-------- THE INPUT

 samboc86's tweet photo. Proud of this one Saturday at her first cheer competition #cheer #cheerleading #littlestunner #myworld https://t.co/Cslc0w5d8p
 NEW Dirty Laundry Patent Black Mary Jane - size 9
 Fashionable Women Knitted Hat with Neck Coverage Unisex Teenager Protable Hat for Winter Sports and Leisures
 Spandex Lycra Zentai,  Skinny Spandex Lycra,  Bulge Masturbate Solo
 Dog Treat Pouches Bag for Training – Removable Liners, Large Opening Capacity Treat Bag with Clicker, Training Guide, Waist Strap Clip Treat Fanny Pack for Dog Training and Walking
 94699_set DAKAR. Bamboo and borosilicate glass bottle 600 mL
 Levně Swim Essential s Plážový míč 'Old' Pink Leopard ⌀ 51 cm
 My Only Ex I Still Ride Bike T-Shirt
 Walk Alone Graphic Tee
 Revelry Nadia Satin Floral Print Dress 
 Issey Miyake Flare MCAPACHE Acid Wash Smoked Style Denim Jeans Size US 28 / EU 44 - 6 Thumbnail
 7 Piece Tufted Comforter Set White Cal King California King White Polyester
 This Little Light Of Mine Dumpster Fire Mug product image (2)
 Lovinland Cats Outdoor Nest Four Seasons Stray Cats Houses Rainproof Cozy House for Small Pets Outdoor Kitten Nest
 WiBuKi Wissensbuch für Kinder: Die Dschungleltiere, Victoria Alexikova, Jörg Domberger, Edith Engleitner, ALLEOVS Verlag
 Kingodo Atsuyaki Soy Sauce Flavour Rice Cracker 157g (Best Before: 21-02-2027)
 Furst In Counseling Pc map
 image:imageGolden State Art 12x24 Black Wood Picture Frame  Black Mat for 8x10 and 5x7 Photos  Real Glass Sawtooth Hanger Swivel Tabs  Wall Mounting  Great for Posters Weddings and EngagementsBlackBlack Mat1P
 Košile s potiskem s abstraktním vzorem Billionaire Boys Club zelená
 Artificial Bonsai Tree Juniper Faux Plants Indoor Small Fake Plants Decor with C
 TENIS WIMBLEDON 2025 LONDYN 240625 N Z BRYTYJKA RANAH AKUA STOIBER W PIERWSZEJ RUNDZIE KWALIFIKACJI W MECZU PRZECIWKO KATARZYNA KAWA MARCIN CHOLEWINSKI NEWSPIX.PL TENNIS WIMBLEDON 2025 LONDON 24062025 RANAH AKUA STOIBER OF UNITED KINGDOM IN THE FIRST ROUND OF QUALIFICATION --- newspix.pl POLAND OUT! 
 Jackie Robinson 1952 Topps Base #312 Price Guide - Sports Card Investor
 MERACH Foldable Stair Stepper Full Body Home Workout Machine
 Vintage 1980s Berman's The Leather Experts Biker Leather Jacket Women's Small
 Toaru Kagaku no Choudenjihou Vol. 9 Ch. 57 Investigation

----------------

WORK TO COMPLETE:
Where does "Women" appear in the records above? Copy each line that holds it.

SOLUTION FOR THIS EXERCISE:
 Fashionable Women Knitted Hat with Neck Coverage Unisex Teenager Protable Hat for Winter Sports and Leisures
 Vintage 1980s Berman's The Leather Experts Biker Leather Jacket Women's Small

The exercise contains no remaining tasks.